··· Dataset excerpt ···
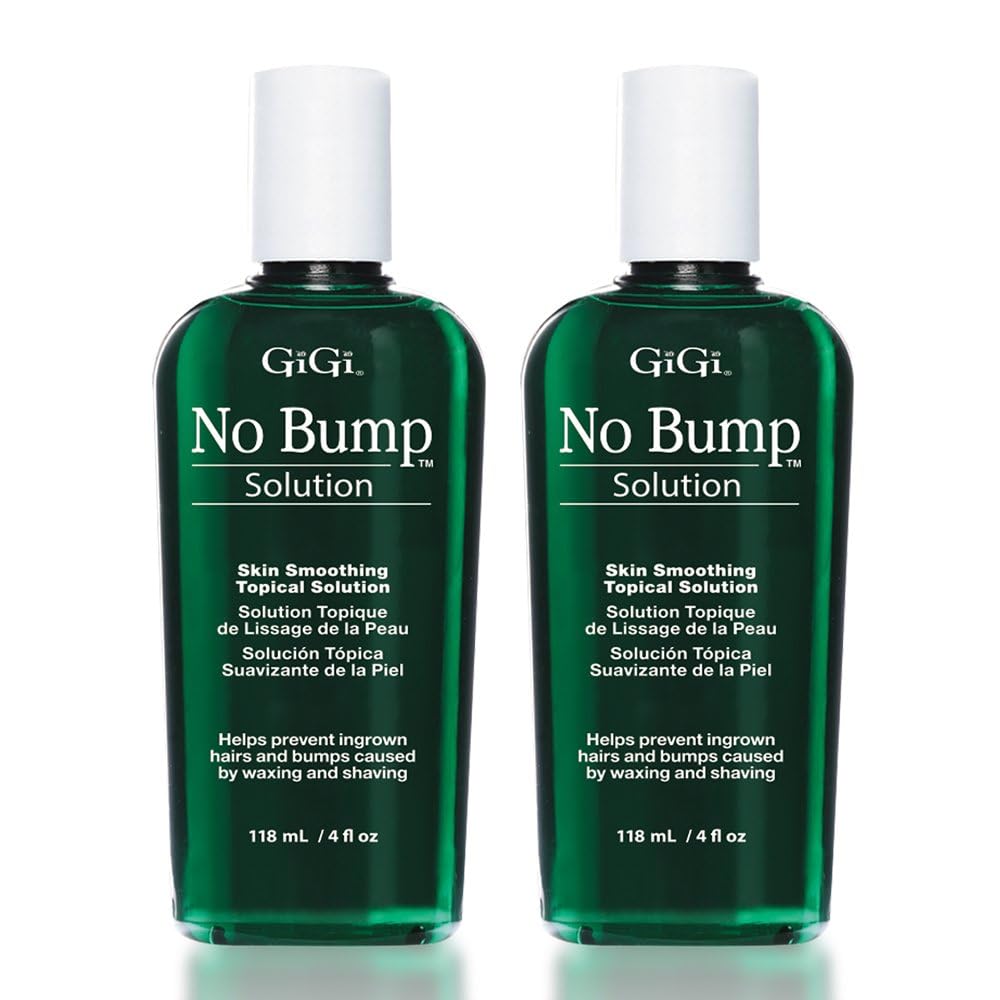 GIGI No Bump Skin Smoothing Topical Solution - 2 Pack, 4 fl oz Each - Effective Treatment for Ingrown Hair, Razor Bumps, and Irritation in Bikini Area and Other Shaved Areas for Women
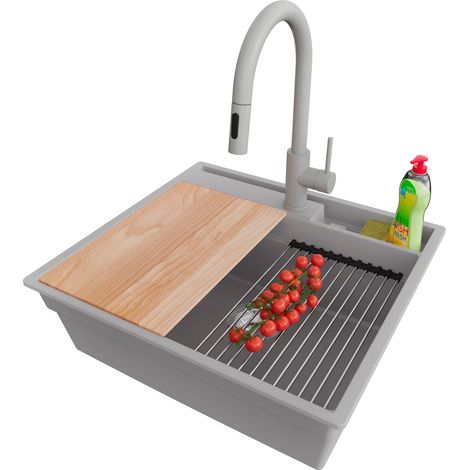 PRIMAGRAN Evier Cuisine en Granit 58x53cm,Lavabo 1 bac + Robinet 40x20cm + Kit de Vidage + Accessoires, Évier à Encastrer au meuble 60cm - Oslo Pocket, Gris (1/5)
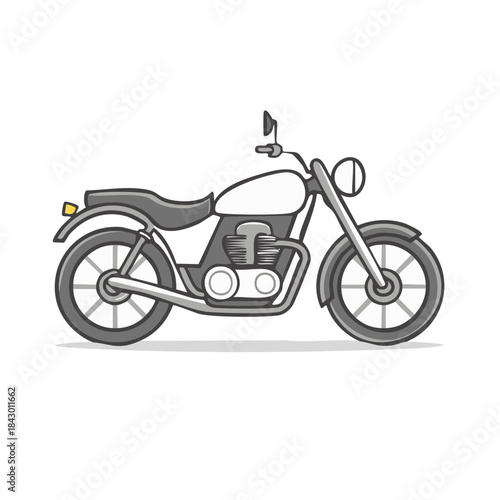 Classic motorcycle vector illustration isolated on white background, vintage cruiser bike side view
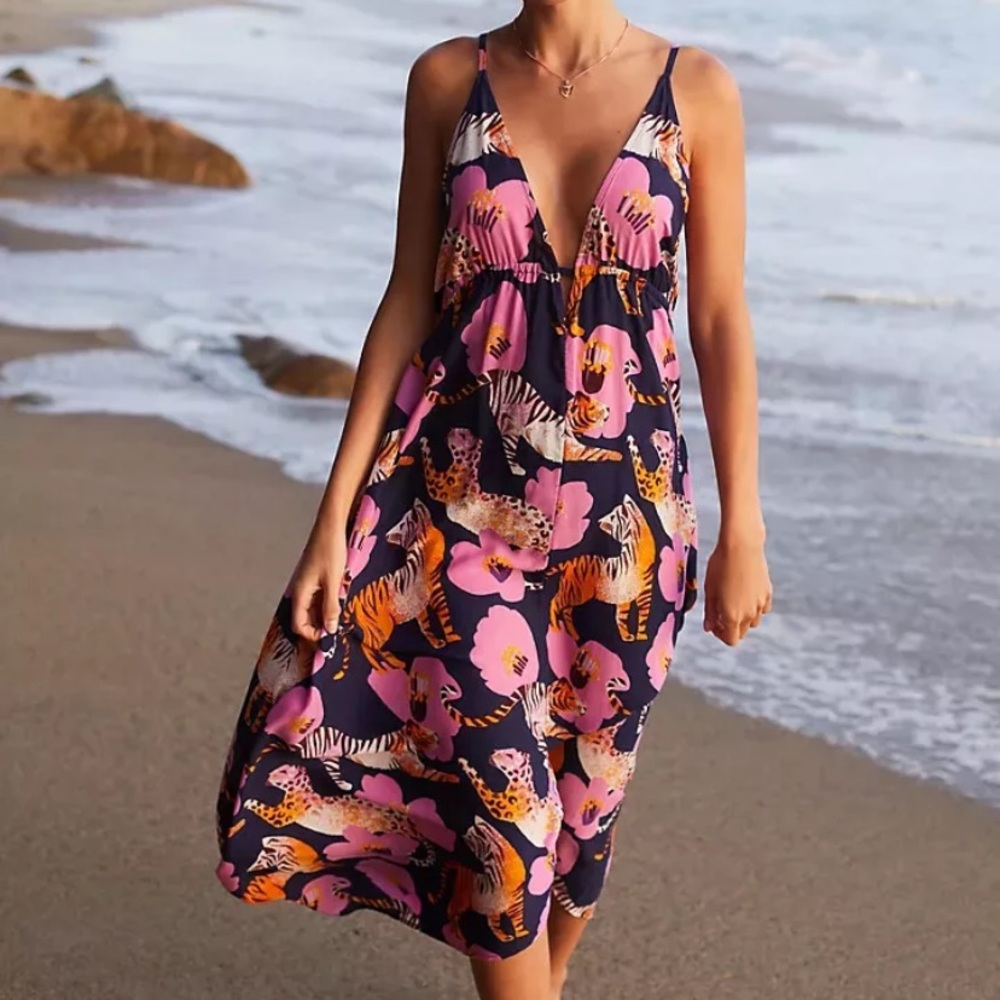 Anthropologie by Claire Colin Wildlife Midi Dress XS Petite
···
Could the data above be copied out exactly, with no pictures kept?

 GIGI No Bump Skin Smoothing Topical Solution - 2 Pack, 4 fl oz Each - Effective Treatment for Ingrown Hair, Razor Bumps, and Irritation in Bikini Area and Other Shaved Areas for Women
 PRIMAGRAN Evier Cuisine en Granit 58x53cm,Lavabo 1 bac + Robinet 40x20cm + Kit de Vidage + Accessoires, Évier à Encastrer au meuble 60cm - Oslo Pocket, Gris (1/5)
 Classic motorcycle vector illustration isolated on white background, vintage cruiser bike side view
 Anthropologie by Claire Colin Wildlife Midi Dress XS Petite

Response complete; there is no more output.